It depends on your league and needs, but more definitive word on the centerpiece of your receiving corps is likely more important than a jump on potential replacements like Terrance Williams of Dallas or Keenan Allen of San Diego. If you want a non-stats reminder of why, just watch a replay of Jones' one-handed 46-yard catch in the fourth quarter on Monday night (http://on.nfl.com/1a8VMIi ).
NFL news, especially when it comes to injuries, can change extremely quickly. So it's usually better to wait to find out what a team will do with a player rather than what it might do.
Patience-testing goes the other way, too.

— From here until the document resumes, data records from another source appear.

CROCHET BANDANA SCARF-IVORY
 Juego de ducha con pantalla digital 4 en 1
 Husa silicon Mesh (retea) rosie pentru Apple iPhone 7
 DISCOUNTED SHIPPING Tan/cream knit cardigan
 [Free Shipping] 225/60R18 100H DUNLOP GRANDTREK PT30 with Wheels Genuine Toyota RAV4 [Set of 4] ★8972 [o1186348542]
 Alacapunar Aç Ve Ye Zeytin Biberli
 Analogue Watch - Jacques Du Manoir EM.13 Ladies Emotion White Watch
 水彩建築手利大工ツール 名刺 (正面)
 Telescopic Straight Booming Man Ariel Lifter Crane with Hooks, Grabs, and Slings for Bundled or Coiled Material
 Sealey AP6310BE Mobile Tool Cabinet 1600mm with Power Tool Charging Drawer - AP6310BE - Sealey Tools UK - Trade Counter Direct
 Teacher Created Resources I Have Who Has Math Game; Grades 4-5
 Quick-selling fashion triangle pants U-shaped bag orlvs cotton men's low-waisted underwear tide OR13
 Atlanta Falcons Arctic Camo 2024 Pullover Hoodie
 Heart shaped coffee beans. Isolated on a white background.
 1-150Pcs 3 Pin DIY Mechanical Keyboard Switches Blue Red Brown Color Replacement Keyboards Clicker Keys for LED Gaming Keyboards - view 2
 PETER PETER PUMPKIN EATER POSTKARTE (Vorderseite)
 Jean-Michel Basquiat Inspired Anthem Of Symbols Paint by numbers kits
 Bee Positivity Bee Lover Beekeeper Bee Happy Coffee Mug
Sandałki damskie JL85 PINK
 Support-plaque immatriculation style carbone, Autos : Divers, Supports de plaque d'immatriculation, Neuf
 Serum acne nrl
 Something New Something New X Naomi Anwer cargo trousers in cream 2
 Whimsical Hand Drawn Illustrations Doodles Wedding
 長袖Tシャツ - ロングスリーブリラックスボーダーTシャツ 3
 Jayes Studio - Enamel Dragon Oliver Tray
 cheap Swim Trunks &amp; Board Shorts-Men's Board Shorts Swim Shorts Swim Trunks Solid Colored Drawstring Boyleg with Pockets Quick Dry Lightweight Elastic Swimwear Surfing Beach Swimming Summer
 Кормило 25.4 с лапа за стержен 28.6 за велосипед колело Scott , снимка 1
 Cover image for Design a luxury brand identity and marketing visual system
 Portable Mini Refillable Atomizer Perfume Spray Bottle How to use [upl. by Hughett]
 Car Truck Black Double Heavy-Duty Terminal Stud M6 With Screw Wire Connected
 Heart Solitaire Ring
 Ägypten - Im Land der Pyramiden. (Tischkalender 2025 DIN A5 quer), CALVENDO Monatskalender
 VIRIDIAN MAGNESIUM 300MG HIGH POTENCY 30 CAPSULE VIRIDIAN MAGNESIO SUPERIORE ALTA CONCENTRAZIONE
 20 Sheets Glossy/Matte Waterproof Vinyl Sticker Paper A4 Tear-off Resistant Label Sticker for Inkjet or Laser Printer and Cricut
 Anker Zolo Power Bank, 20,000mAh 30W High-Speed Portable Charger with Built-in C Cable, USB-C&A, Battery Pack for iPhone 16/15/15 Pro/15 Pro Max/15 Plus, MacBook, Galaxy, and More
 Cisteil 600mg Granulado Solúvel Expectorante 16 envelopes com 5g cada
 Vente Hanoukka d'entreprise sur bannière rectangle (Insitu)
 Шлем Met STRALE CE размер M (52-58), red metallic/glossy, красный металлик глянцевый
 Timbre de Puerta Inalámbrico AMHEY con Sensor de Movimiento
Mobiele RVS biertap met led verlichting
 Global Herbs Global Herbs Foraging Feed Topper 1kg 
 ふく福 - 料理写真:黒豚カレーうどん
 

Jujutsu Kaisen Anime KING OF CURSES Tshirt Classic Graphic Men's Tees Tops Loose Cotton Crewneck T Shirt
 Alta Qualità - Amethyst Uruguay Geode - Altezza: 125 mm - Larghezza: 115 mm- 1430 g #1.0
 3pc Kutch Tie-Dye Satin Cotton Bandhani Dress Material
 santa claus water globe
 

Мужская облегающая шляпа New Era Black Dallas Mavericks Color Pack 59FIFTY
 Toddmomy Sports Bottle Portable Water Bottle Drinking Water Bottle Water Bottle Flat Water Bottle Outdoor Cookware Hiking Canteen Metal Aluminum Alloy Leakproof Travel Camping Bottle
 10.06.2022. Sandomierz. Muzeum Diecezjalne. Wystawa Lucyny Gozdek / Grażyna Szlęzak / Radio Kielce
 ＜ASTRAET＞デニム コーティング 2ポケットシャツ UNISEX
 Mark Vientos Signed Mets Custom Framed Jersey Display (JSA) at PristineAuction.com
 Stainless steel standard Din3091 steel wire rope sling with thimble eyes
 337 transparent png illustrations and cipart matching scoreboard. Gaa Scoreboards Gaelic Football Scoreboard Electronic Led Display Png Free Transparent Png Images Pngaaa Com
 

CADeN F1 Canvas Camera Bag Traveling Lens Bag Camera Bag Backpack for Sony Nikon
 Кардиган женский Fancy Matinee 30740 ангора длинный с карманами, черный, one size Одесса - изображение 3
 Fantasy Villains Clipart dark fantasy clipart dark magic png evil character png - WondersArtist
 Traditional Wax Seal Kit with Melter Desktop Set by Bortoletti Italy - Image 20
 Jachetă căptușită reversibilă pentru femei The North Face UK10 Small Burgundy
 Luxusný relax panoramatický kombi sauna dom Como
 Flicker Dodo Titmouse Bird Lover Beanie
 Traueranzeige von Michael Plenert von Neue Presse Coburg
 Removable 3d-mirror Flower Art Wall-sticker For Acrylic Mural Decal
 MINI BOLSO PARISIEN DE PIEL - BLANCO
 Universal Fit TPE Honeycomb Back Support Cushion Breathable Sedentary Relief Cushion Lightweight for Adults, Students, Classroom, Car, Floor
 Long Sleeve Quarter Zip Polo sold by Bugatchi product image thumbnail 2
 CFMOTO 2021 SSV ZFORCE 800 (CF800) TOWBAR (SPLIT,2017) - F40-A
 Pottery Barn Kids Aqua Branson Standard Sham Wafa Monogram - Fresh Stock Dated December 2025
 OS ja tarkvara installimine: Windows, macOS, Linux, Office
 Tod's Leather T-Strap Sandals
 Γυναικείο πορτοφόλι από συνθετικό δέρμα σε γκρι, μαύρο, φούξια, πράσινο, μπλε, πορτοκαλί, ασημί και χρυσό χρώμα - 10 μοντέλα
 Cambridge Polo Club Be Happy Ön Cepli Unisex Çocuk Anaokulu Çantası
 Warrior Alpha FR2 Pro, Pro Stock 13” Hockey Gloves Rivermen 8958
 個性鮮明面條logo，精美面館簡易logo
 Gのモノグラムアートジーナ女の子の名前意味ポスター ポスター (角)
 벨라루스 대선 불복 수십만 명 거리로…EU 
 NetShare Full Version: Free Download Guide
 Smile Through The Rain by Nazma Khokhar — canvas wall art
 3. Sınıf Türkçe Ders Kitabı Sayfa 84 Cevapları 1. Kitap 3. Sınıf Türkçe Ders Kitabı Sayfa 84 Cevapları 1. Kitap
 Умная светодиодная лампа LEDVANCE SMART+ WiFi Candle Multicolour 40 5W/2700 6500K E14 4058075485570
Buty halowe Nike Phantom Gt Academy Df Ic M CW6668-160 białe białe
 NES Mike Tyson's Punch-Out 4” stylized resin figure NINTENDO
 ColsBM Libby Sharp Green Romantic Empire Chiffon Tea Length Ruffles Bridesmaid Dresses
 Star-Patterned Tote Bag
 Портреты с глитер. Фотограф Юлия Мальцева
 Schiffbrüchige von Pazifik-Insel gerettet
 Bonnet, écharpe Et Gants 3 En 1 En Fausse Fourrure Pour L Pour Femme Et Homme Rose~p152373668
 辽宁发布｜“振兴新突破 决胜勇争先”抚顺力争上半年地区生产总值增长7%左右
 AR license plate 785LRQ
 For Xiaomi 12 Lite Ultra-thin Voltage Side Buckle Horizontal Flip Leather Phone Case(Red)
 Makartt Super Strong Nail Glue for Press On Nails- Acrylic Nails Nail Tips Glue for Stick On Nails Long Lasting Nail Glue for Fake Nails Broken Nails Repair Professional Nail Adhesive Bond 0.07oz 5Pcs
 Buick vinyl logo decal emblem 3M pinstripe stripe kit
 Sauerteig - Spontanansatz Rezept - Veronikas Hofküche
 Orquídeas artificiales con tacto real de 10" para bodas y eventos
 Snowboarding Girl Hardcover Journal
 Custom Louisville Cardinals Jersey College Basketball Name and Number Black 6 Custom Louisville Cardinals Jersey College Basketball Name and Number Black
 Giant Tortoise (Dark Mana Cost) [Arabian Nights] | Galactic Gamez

It's a bit early for full disclosure, but I made what I thought was a smart deal on Monday night in a keeper league, trading Darren Sproles and Jonathan Stewart to a buddy in need of running backs. In exchange, I got Jones, who is ineligible as a keeper.
That made for a fun Tuesday morning.
Would it have been smarter to wait a few days to make the trade even a week to get one more game out of Sproles with Jones on a bye? Maybe, but I figured the deal had a reasonable chance to improve my 1-4 team and I didn't want to risk the other owner getting cold feet. After all, these decisions are all a series of small gambles.
Sure, it stings like a bad beat. But that's fantasy. Get used to the agony.
Jones isn't the only fantasy starter owners are looking to replace this week. Here are a few Week 6 options for you if you have someone who could be out a while:
QB: Nick Foles, Philadelphia. Michael Vick was jogging and throwing at practice on Tuesday, but didn't practice in team drills and is uncertain to play this week after pulling his left hamstring. As the AP's Rob Maaddi reports, coach Chip Kelly left open the possibility that Foles could win the job if he plays and performs well. Foles should be owned in most two-quarterback leagues already, but would be a plug-and-play option in any format if he starts.
RB: Marcel Reece, Oakland. Reece could produce a repeat of last year with Darren McFadden and Rashad Jennings hurting. Last year, when given an opportunity, he turned in several decent fantasy performances and ended up going to the Pro Bowl. He's a team captain for the Raiders who can catch passes, and knows he needs to provide a reasonable rushing threat to take at least a little focus off quarterback Terrelle Pryor. Owners depending on David Wilson, Ahmad Bradshaw or any of the underperforming backs could get value out of Reece.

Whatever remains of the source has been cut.